O manuscrito atribuído a Thomas Rudd, anterior à edição de Mathers em cerca de dois séculos e meio, documenta uma versão relacionada mas distinta do catálogo — nele, cada um dos 72 espíritos, incluindo Vassago, é emparelhado com um anjo correspondente extraído do sistema cabalístico do Shem HaMephorash (72 nomes divinos), um elemento estrutural de restrição/governo ausente na edição de Mathers. Não há registro confiável de qual nome específico de anjo o manuscrito de Rudd atribui a Vassago nas fontes consultadas para este verbete; a prática geral de emparelhamento é documentada por pesquisadores como Joseph Peterson.

InterpretaçãoTradição Luciferiana (interpretação moderna)

Autores luciferianos modernos, sobretudo Michael W. Ford (em obras como The Luciferian Goetia), leem os 72 espíritos da Ars Goetia não como potências externas convocadas sob uma hierarquia divina, mas como correntes simbólicas de autoconhecimento a serem despertadas dentro do próprio praticante. Nessa leitura, a natureza 'de boa natureza' atribuída a Vassago é reinterpretada como o arquétipo de uma relação mais harmoniosa e menos conflituosa consigo mesmo, e seu ofício de declarar coisas passadas, presentes e futuras, bem como revelar o que está escondido ou perdido, é lido como a capacidade introspectiva de acessar memórias, motivações e potenciais ainda não reconhecidos pela consciência.

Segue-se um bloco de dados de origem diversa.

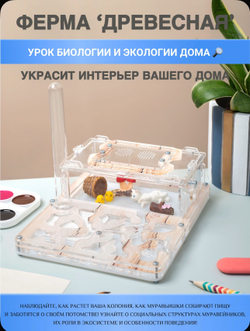 Муравьиная ферма с муравьями в подарок «Древесная»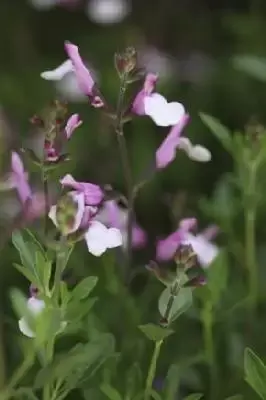 SALVIA greggii 'Joy' - image 1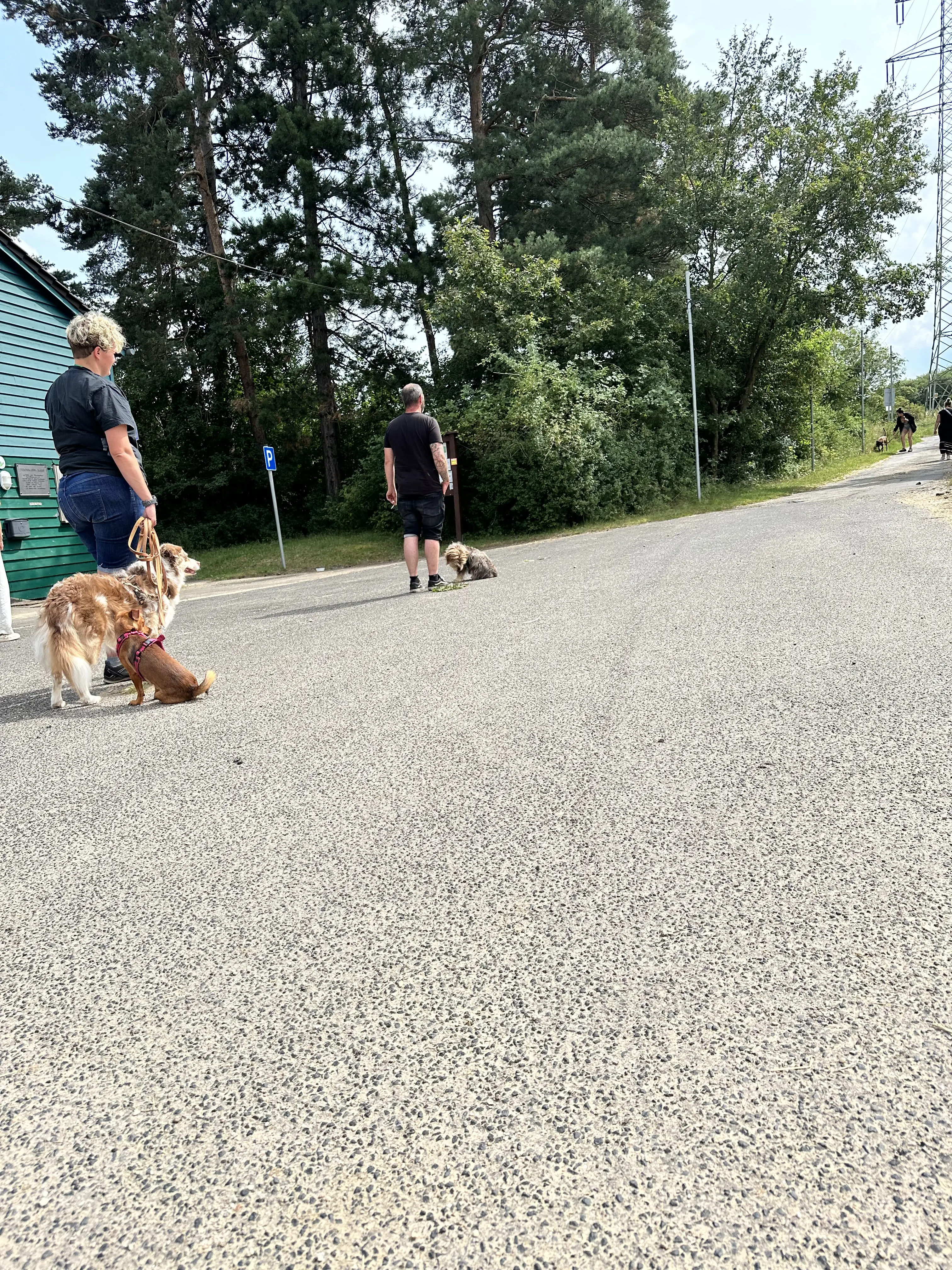 Mann leistet dem Hund Erste Hilfe von FellFibel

Esta seção apresenta a interpretação de uma tradição específica, não um fato verificável.

Perguntas frequentes

Por que Vassago é descrito como 'de boa natureza' na Ars Goetia?
O texto de Mathers usa essa expressão para diferenciar seu temperamento do de outros espíritos do catálogo, sem detalhar mais a razão dessa classificação. É uma das poucas caracterizações explicitamente favoráveis entre os 72 espíritos listados.
O que a edição de Mathers atribui a Vassago como conhecimento?
Segundo o texto, seu ofício é declarar coisas passadas, presentes e futuras, e revelar coisas escondidas ou perdidas.
A leitura luciferiana de Vassago é tão antiga quanto as tradições de Mathers e Rudd?
Não. É uma interpretação moderna, desenvolvida principalmente a partir dos anos 2000 por autores luciferianos como Michael W. Ford, que reformulam os espíritos da Ars Goetia como arquétipos psicológicos de autodesenvolvimento — uma leitura simbólica contemporânea, não um manuscrito histórico como os de Mathers ou Rudd.

Fontes

  1. S. L. MacGregor Mathers (trans.), Aleister Crowley (ed.). The Goetia: The Lesser Key of Solomon the King (1904).
  2. Joseph H. Peterson (ed.). The Lesser Key of Solomon (2001).
  3. Thomas Rudd (manuscript), ed. Adam McLean. Dr. Rudd's Treatise on Angel Magic (c. 1650 (2007 ed.)).
  4. Michael W. Ford. The Luciferian Goetia (2007).